Evidence for alien seeding of the Earth? how could you ever obtain that.
That is our point. You can't, so it is an unfalsifiable hypothesis. Unfalsifiable hypotheses could be true, but they are not scientific hypotheses because they cannot be disproved.
I suppose if it is true, they would return soon to remove Man because he is destroying this wonderful world.
You suppose? Okay. Are you willing to put a date on when this will occur? If it is within a human timescale (the next 30 years, say), we can call this hypothesis falsifiable! Of course, you'd have to justify how the alien species would be able to visit in the first place without having been detected yet (this would be a high-energy device coming straight towards us) and also how we could differentiate "regular" alien invaders from life-seeders.
With evidence already existing regarding Aliens, and before you say anything I realise there's a lot of fraud out there, but for every government in the world to classify something which doesn't exist seems odd.

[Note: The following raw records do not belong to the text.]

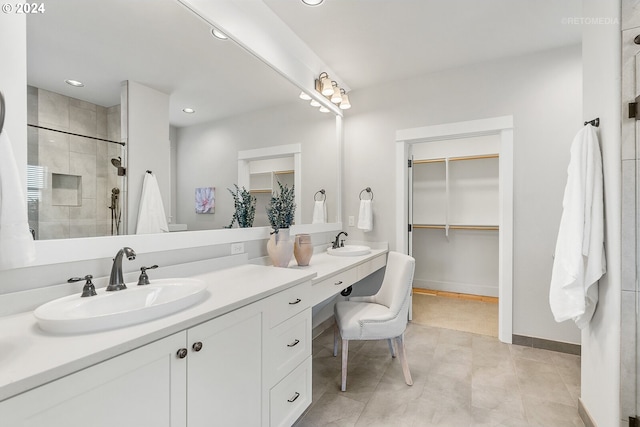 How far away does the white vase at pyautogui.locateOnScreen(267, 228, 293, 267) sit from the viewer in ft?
6.72

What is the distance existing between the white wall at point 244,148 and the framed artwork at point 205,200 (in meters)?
0.03

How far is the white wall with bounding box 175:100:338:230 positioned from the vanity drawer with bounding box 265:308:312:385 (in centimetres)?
81

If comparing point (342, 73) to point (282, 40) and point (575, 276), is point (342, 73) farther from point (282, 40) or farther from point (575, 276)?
point (575, 276)

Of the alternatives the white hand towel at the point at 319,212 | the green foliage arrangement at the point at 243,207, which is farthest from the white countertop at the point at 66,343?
the white hand towel at the point at 319,212

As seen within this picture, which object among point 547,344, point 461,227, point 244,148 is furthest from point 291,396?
point 461,227

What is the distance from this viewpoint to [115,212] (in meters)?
1.37

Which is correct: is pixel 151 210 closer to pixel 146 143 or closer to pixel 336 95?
pixel 146 143

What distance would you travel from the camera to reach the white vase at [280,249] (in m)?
2.05

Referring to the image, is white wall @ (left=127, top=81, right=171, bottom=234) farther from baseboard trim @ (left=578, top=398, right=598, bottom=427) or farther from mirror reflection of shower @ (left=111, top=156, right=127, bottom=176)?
baseboard trim @ (left=578, top=398, right=598, bottom=427)

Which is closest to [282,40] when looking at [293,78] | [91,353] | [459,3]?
[293,78]

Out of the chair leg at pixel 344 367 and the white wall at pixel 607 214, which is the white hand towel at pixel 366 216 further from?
the white wall at pixel 607 214

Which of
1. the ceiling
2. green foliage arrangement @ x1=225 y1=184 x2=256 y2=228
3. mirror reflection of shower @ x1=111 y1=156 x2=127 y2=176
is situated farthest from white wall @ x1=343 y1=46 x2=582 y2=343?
mirror reflection of shower @ x1=111 y1=156 x2=127 y2=176

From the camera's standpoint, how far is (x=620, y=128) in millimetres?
1359

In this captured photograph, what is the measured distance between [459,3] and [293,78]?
133cm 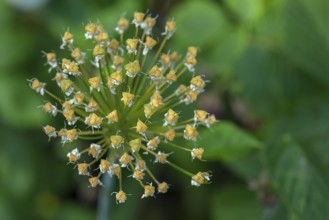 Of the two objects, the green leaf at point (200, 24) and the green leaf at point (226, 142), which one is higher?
the green leaf at point (200, 24)

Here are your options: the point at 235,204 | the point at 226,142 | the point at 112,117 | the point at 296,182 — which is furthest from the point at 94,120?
the point at 235,204

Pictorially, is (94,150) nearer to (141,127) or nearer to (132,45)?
(141,127)

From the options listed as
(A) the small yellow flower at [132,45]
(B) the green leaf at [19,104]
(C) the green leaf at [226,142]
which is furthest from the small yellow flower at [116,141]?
(B) the green leaf at [19,104]

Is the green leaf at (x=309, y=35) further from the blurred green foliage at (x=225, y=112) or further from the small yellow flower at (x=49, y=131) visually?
the small yellow flower at (x=49, y=131)

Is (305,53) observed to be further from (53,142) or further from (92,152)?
(53,142)

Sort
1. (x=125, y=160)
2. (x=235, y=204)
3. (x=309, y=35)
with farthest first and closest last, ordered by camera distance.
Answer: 1. (x=235, y=204)
2. (x=309, y=35)
3. (x=125, y=160)

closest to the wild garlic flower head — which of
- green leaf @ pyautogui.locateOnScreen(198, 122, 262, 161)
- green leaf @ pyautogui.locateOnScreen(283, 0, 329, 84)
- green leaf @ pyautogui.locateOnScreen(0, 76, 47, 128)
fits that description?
green leaf @ pyautogui.locateOnScreen(198, 122, 262, 161)

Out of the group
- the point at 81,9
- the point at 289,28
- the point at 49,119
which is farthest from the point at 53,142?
the point at 289,28

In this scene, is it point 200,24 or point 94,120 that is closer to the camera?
point 94,120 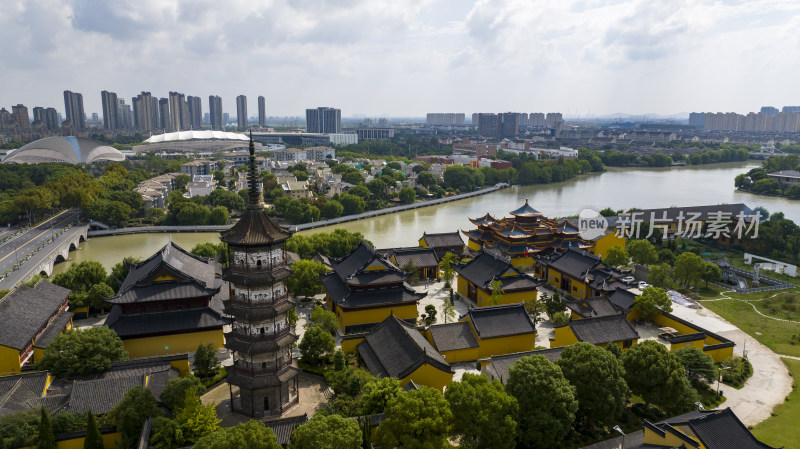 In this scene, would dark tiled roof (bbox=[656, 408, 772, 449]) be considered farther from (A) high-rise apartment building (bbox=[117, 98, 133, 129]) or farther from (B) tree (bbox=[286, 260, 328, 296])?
(A) high-rise apartment building (bbox=[117, 98, 133, 129])

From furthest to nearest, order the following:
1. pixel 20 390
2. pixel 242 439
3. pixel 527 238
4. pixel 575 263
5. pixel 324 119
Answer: pixel 324 119, pixel 527 238, pixel 575 263, pixel 20 390, pixel 242 439

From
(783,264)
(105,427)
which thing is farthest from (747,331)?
(105,427)

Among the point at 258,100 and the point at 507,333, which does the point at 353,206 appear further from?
the point at 258,100

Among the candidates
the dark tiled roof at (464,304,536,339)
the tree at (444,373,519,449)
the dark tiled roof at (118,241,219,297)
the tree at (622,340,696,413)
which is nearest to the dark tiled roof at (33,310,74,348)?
the dark tiled roof at (118,241,219,297)

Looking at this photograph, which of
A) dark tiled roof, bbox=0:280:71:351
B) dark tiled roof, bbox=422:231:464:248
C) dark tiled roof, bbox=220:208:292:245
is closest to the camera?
dark tiled roof, bbox=220:208:292:245

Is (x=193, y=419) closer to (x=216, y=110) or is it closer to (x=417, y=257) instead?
(x=417, y=257)

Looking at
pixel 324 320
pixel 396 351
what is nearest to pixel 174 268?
pixel 324 320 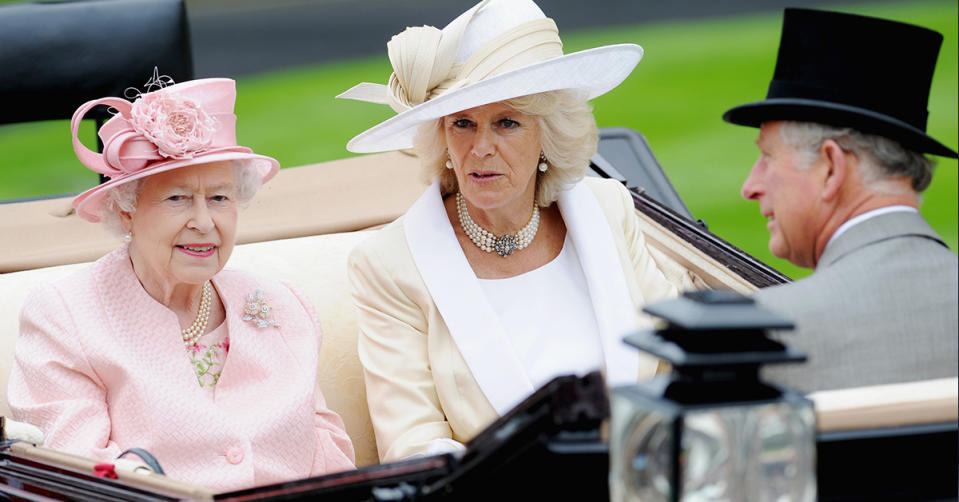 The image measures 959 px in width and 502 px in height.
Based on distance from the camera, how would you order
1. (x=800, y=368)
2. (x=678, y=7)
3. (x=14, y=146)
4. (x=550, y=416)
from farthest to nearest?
(x=678, y=7) → (x=14, y=146) → (x=800, y=368) → (x=550, y=416)

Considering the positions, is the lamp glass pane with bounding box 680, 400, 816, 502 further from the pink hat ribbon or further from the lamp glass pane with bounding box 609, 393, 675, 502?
the pink hat ribbon

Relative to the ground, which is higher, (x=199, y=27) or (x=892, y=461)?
(x=199, y=27)

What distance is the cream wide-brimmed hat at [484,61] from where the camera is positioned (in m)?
2.82

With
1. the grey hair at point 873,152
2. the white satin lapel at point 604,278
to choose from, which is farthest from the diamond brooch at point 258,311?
the grey hair at point 873,152

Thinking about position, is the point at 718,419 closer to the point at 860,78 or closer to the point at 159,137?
the point at 860,78

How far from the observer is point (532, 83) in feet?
9.25

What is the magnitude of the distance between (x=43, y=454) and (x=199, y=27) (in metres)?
13.4

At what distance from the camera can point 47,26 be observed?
423 centimetres

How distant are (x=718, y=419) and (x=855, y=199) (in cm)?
87

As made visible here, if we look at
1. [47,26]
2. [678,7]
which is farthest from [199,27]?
[47,26]

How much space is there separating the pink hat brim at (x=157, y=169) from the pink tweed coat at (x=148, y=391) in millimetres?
115

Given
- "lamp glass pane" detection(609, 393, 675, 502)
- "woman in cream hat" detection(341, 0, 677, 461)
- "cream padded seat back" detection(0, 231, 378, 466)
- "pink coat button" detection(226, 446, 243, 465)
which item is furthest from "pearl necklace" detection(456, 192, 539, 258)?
"lamp glass pane" detection(609, 393, 675, 502)

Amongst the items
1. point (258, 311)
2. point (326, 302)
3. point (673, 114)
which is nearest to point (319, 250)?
point (326, 302)

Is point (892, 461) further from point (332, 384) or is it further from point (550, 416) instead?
point (332, 384) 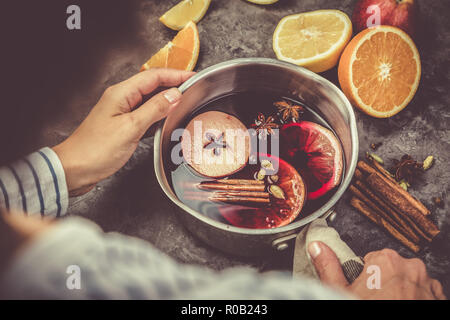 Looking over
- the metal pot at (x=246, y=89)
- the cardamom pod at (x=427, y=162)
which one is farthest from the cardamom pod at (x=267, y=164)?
the cardamom pod at (x=427, y=162)

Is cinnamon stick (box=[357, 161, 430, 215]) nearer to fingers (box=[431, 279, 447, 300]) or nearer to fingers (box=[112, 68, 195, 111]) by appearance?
fingers (box=[431, 279, 447, 300])

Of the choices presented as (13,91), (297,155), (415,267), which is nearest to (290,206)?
(297,155)

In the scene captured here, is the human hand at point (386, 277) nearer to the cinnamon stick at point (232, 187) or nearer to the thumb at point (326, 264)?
the thumb at point (326, 264)

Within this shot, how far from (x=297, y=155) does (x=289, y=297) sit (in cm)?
60

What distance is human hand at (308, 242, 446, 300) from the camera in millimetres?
888

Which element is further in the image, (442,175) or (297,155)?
(442,175)

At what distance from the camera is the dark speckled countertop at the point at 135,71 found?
120 cm

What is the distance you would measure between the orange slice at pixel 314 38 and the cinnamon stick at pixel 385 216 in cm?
49

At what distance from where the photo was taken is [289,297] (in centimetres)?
62

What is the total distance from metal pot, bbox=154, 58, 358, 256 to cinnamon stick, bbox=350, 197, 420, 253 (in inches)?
8.1

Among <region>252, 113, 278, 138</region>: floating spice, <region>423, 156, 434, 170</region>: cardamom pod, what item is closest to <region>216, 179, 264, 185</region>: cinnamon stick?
<region>252, 113, 278, 138</region>: floating spice

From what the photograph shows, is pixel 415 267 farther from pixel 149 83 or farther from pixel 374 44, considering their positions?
pixel 149 83

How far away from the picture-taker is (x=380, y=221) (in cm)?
118

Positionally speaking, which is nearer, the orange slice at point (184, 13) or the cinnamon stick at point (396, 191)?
the cinnamon stick at point (396, 191) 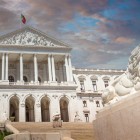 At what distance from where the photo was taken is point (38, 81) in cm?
4691

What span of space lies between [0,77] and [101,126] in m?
42.3

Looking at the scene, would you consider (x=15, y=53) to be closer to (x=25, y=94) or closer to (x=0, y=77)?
(x=0, y=77)

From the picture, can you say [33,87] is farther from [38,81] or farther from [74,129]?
[74,129]

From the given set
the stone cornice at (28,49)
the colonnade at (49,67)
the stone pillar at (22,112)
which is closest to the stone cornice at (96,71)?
the colonnade at (49,67)

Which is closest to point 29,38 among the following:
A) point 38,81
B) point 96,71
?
point 38,81

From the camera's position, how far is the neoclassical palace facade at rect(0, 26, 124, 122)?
1748 inches

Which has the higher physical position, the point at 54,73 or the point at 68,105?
the point at 54,73

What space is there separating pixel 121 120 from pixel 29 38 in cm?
4428

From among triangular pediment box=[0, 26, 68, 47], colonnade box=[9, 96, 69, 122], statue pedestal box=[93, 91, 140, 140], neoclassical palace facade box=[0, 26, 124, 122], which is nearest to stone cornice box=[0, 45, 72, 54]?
neoclassical palace facade box=[0, 26, 124, 122]

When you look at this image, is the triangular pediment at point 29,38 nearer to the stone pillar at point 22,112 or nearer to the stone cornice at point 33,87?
the stone cornice at point 33,87

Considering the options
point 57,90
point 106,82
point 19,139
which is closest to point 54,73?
point 57,90

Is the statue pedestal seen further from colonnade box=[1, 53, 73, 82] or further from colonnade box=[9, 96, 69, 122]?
colonnade box=[1, 53, 73, 82]

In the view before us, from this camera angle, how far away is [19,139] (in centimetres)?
837

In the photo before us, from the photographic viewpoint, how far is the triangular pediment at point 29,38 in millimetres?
48188
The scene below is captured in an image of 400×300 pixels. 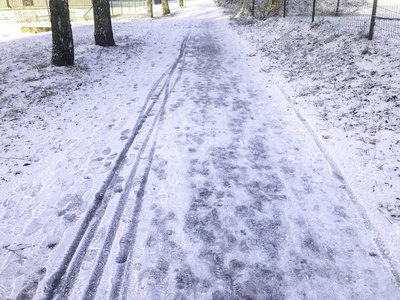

This is not a sentence. I could try to parse it to figure out what you meant but I do not think it is worth it in this case.
With regards to dinosaurs being very quickly destroyed and fossilised in that state, there are far more than a snake. T-rex fighting a triceratops for example, or a Velociraptor eating its prey. If it was a blast from a meteor, well I can't imagine those scenes existing.
The mistake you are making is that you seem to believe that all fossils formed at the same time--directly after the meteor hit. In reality, almost
none of our fossils are from that point. That is not surprising, because (of course) the vast majority of the history of dinosaurs occurred before the meteor hit.
I'm not trying to enforce we were actually seeded by aliens, I'm giving it as a hypothesis that could be as strong as any other.
It is either an unscientific hypothesis, or an
incredibly weak scientific hypothesis that is not nearly as strong as many others.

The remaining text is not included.